Introduction to Python#
Although there are several programming languages to choose from when working in data science, Python is the most common (other useful languages include javascript, R, SQL and Julia). The Python language (named after Monty Python!) is extremely versatile, has an extensive library ecosystem and is easily readable. Large open-source libraries, like Pandas, Numpy, Scikit-learn and Matplotlib have made data analysis and machine learning accessible even to beginner programmers.
In this lesson we’ll cover the basics of Python, the principles of which could just as easily be applies to any programming language.
Variables#
As you saw in the introduction to notebooks, we can run code directly within a notebook. As default the output will be shown immediately below the cell, but what if we wanted to store the output for later use? That’s where variables come in.
In the cell below, we set a variable, named x
to have the value 3. Variable names must contain only valid letters, digits and underscores, and must not begin with a letter, certain words are reserved like for
, if
etc… It’s most common to define variable names as all lower case. It’s also best pratice to use a descriptive name for a variable (so our name of x
below doesn’t fit this!).
x = 3
Notice that there’s no output from that cell now. But we can check that x
has indeed been set to 3 by running the box below.
x
If 3 is displayed above, everything’s good! Jupyter notebooks will display the value of any variable or calculation that is last in a cell.
So what is a variable and why do we use them?
Variables are used to store objects, and everything in python is an object. Python is a strongly typed, dynamic language to use the correct terminology. This means that an object won’t change its type in strange ways, but you do not need to specify its type at the time of declaration.
Let’s examine our declaration above, x = 3
. We are storing our integer in a variable named x
, we can then access x at any point in the code to use this value in our calculations.
Below, we’ll use x
in a few calculations and print the results to the screen.
#This is a comment
#We can use comments to explain why we do something
#e.g. Set y to a number to test the mathematics below
y = 2
print(x*y)
print(x**y)
print(x/y)
print(x%y)
print(x+y)
print(x-y)
print(x==y)
There are a couple of points to make from the above code.
First, comments. Comments should only really be used when you’re explaining why you’ve done something a little strange in the code. However, variable names should go a long way toward explaining what they’ll be used for. With this knowledge, do you think the above variable names and comments are useful?
Mathematic Operations#
The second point we need to address are the operation used above, *
, **
, /
, %
, +
, -
and ==
.
*
multiplies 2 numbers together.**
raises the first number to the power of the second./
divides the first number by the second.%
returns the result of a modulo operation, dividing the first by the second and returning the remainder.+
adds 2 numbers.-
subtracts the second number from the first.==
compares the 2 numbers, if they’re equal it returns True, otherwise it returns False.
NOTE: a single =
sets a value, and a double ==
compares it.
Functions#
Now we can set numbers to variables and perform all sorts of mathematical operations on them! But what if we want to run 1,000,000 calculations, we don’t want to have to type out our code for every step.
So we break our code down into dynamic sections that we can call again and again with different inputs, in Python, we call these functions. These can be thought of as little Lego bricks, all sorts of amazing creations can be built by combining different types of bricks. Although it comes down to personal preference, good coding practices are usually to name functions all lower case, with words separated by underscores _
and starting a function name with a verb.

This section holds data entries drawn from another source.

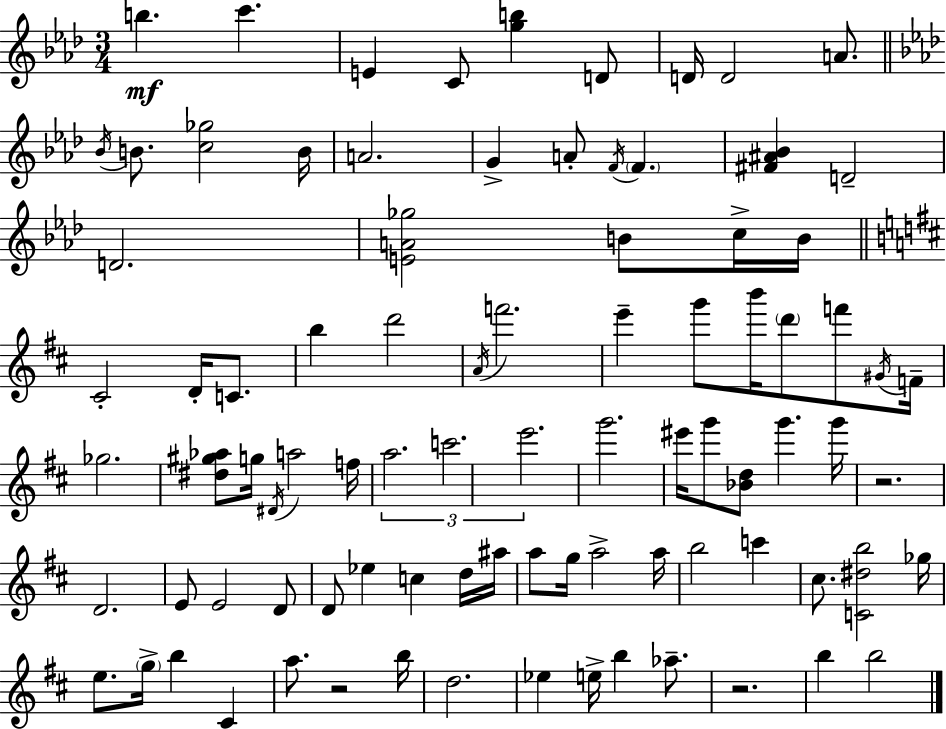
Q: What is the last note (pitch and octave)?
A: B5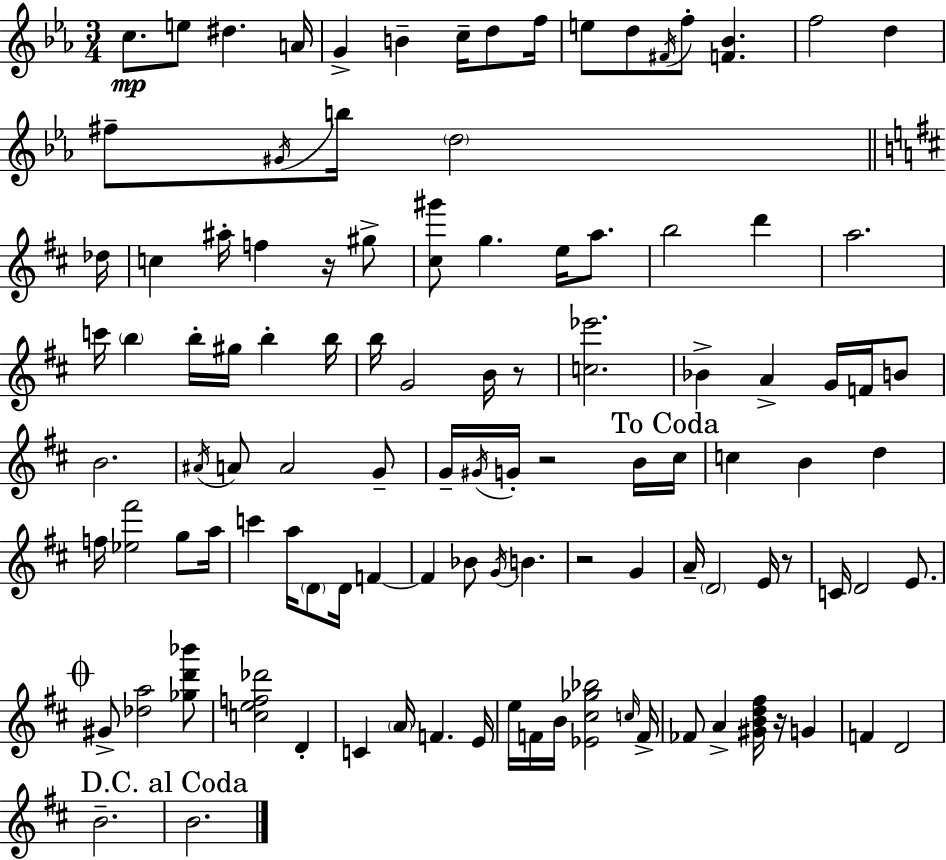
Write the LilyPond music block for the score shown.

{
  \clef treble
  \numericTimeSignature
  \time 3/4
  \key ees \major
  c''8.\mp e''8 dis''4. a'16 | g'4-> b'4-- c''16-- d''8 f''16 | e''8 d''8 \acciaccatura { fis'16 } f''8-. <f' bes'>4. | f''2 d''4 | \break fis''8-- \acciaccatura { gis'16 } b''16 \parenthesize d''2 | \bar "||" \break \key b \minor des''16 c''4 ais''16-. f''4 r16 gis''8-> | <cis'' gis'''>8 g''4. e''16 a''8. | b''2 d'''4 | a''2. | \break c'''16 \parenthesize b''4 b''16-. gis''16 b''4-. | b''16 b''16 g'2 b'16 r8 | <c'' ees'''>2. | bes'4-> a'4-> g'16 f'16 b'8 | \break b'2. | \acciaccatura { ais'16 } a'8 a'2 | g'8-- g'16-- \acciaccatura { gis'16 } g'16-. r2 | b'16 \mark "To Coda" cis''16 c''4 b'4 d''4 | \break f''16 <ees'' fis'''>2 | g''8 a''16 c'''4 a''16 \parenthesize d'8 d'16 f'4~~ | f'4 bes'8 \acciaccatura { g'16 } b'4. | r2 | \break g'4 a'16-- \parenthesize d'2 | e'16 r8 c'16 d'2 | e'8. \mark \markup { \musicglyph "scripts.coda" } gis'8-> <des'' a''>2 | <ges'' d''' bes'''>8 <c'' e'' f'' des'''>2 | \break d'4-. c'4 \parenthesize a'16 f'4. | e'16 e''16 f'16 b'16 <ees' cis'' ges'' bes''>2 | \grace { c''16 } f'16-> fes'8 a'4-> <gis' b' d'' fis''>16 | r16 g'4 f'4 d'2 | \break b'2.-- | \mark "D.C. al Coda" b'2. | \bar "|."
}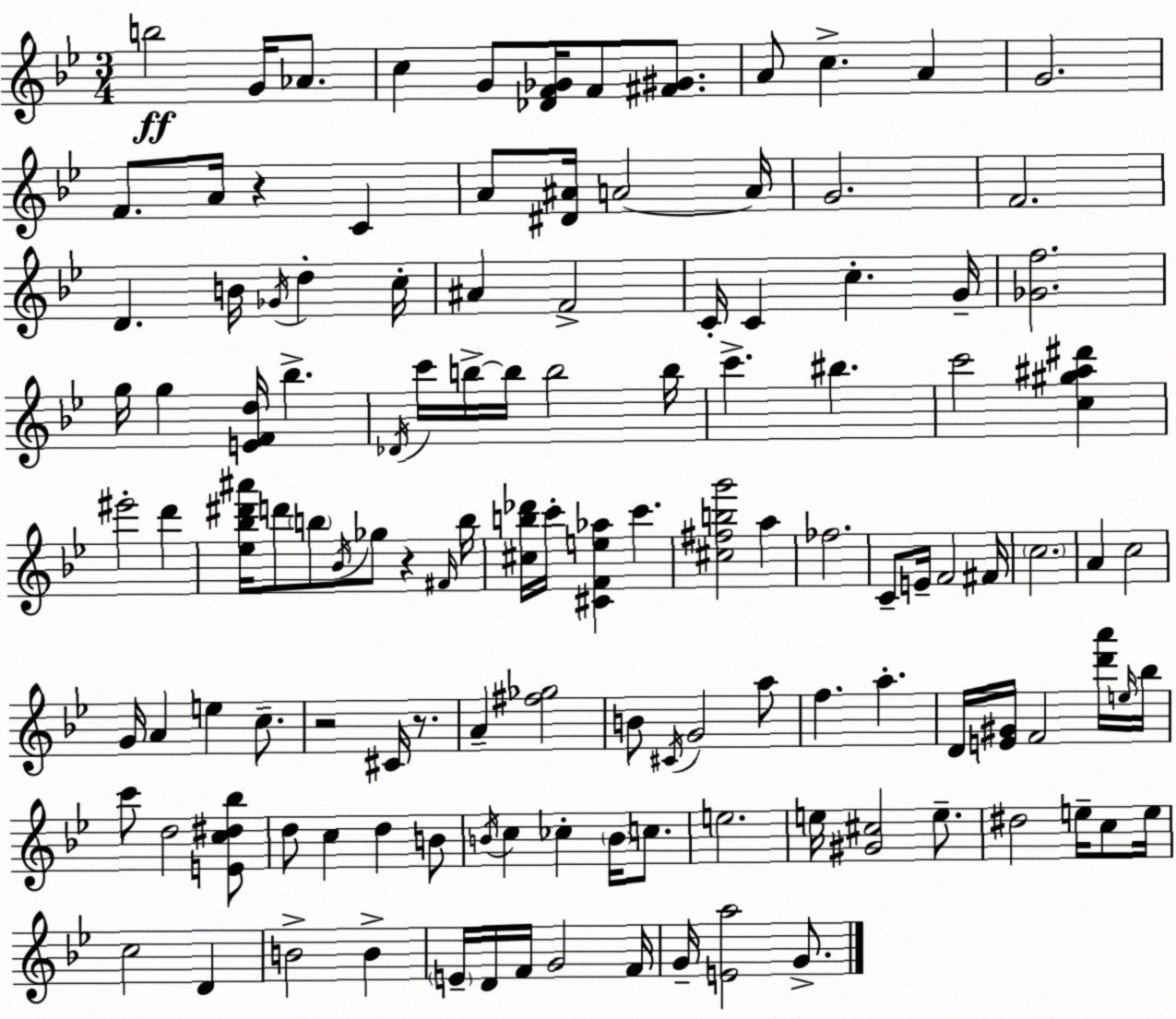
X:1
T:Untitled
M:3/4
L:1/4
K:Bb
b2 G/4 _A/2 c G/2 [_DF_G]/4 F/2 [^F^G]/2 A/2 c A G2 F/2 A/4 z C A/2 [^D^A]/4 A2 A/4 G2 F2 D B/4 _G/4 d c/4 ^A F2 C/4 C c G/4 [_Gf]2 g/4 g [EFd]/4 _b _D/4 c'/4 b/4 b/4 b2 b/4 c' ^b c'2 [c^g^a^d'] ^e'2 d' [_e_b^d'^a']/4 d'/2 b/2 _B/4 _g/2 z ^F/4 b/4 [^cb_d']/4 c'/4 [^CFe_a] c' [^c^fbg']2 a _f2 C/2 E/4 F2 ^F/4 c2 A c2 G/4 A e c/2 z2 ^C/4 z/2 A [^f_g]2 B/2 ^C/4 G2 a/2 f a D/4 [E^G]/4 F2 [d'a']/4 e/4 _b/4 c'/2 d2 [Ec^d_b]/2 d/2 c d B/2 B/4 c _c B/4 c/2 e2 e/4 [^G^c]2 e/2 ^d2 e/4 c/2 e/4 c2 D B2 B E/4 D/4 F/4 G2 F/4 G/4 [Ea]2 G/2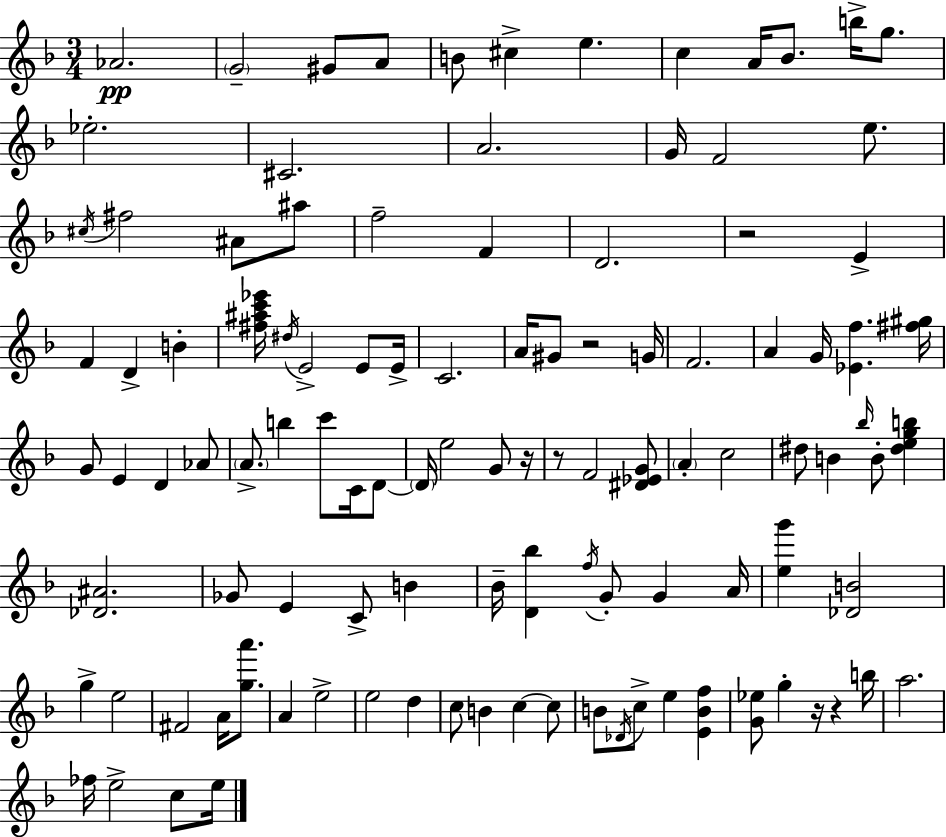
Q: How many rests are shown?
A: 6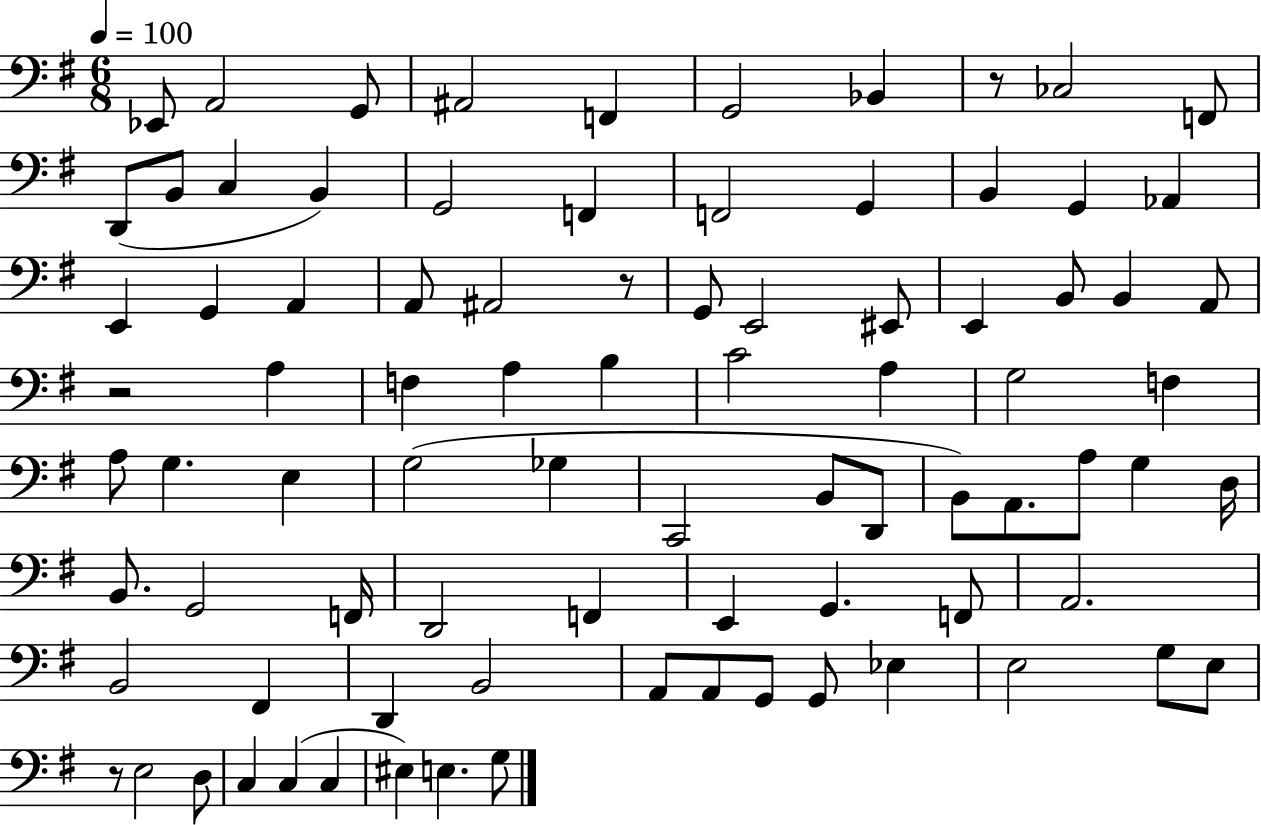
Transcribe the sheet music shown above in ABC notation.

X:1
T:Untitled
M:6/8
L:1/4
K:G
_E,,/2 A,,2 G,,/2 ^A,,2 F,, G,,2 _B,, z/2 _C,2 F,,/2 D,,/2 B,,/2 C, B,, G,,2 F,, F,,2 G,, B,, G,, _A,, E,, G,, A,, A,,/2 ^A,,2 z/2 G,,/2 E,,2 ^E,,/2 E,, B,,/2 B,, A,,/2 z2 A, F, A, B, C2 A, G,2 F, A,/2 G, E, G,2 _G, C,,2 B,,/2 D,,/2 B,,/2 A,,/2 A,/2 G, D,/4 B,,/2 G,,2 F,,/4 D,,2 F,, E,, G,, F,,/2 A,,2 B,,2 ^F,, D,, B,,2 A,,/2 A,,/2 G,,/2 G,,/2 _E, E,2 G,/2 E,/2 z/2 E,2 D,/2 C, C, C, ^E, E, G,/2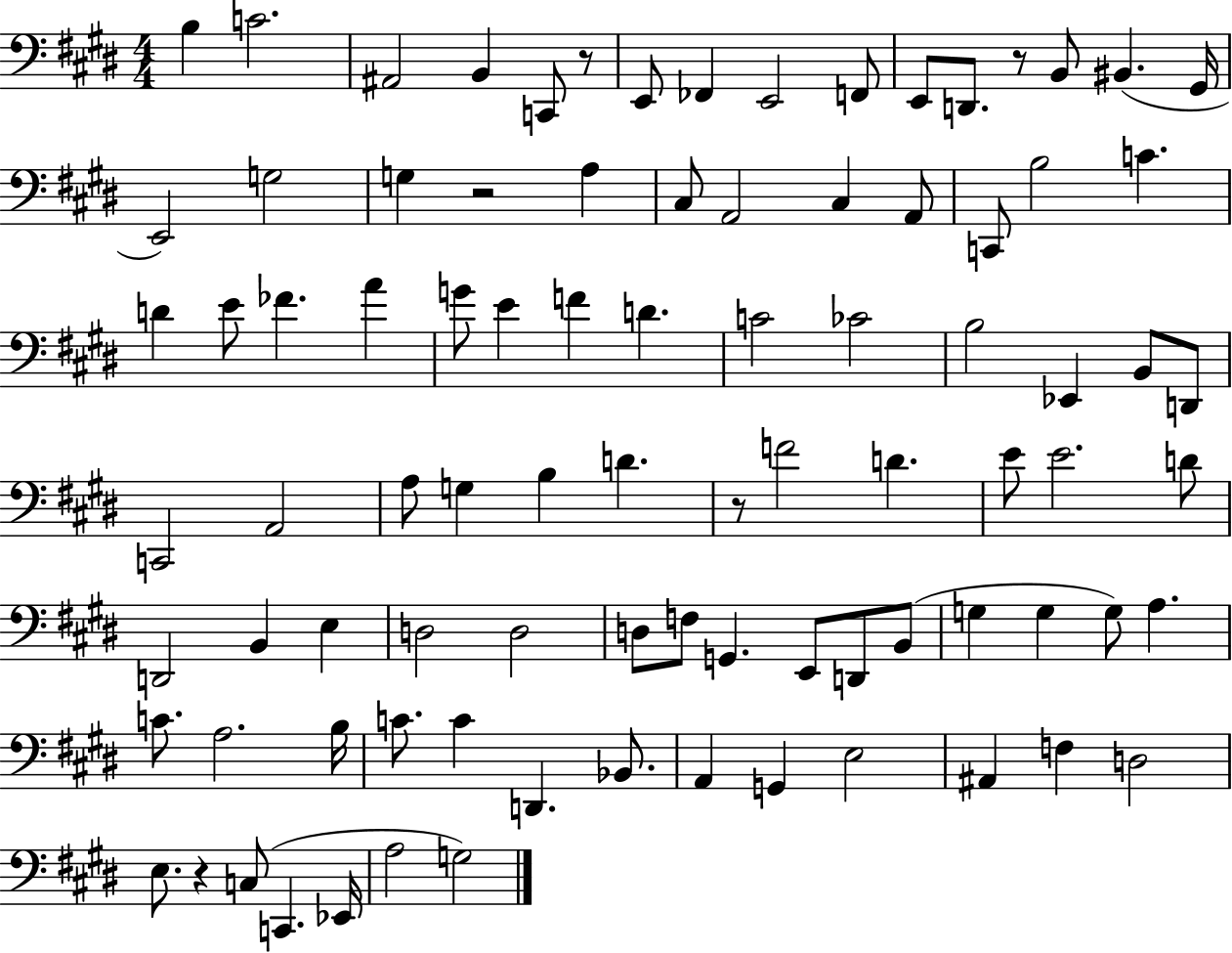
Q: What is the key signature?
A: E major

Let’s make a function below that will return the product of 2 numbers.
def multiply_numbers(number1, number2):
"""
Multiply two numbers and return the result.
Args:
number1 (float): The first number to be multiplied.
number2 (float): The second number to be multiplied.
Returns:
float: The product of number1 and number2.
"""
return number1 * number2
We’ll go through the code above in a second, for now, play around with it, we can call it by using the code below
multiply_numbers(2, 3)
Try to:
Change the above numbers
Declare some variables and using them as an input
Use fractions as inputs
Use negative numbers
When you’re finished playing, try to change the funtion to return a different mathematical operation (you may want to change the function name too!)
The sections of the function above are as follows:
def
- defines a functionmultiply_numbers
- is the name of our function(number1, number2)
- these specify the arguments, we could have more (number1, number2, number3) or less (number1) or none ()."""..."""
- this is the docstring for the function, this should explain what the function does, the argument, the type of arguments and what the function returns. It can be viewed by callinghelp(name_of_function)
.return number1 * number2
this is what the function actually feeds back into our code, in this case we multiply the 2 numbers together
Task 1#
Create a function that can take in any 2 numbers and returns the result of a modulo operation.
Task 2#
Can you improve the code below:
v = 2 + 5 * 1.4
x = 2 + 2 * 3
y = 2 + 4 * 5
z = 2 + 10 * -1
HINT: You may wish to look at the common behaviour and put them into a function.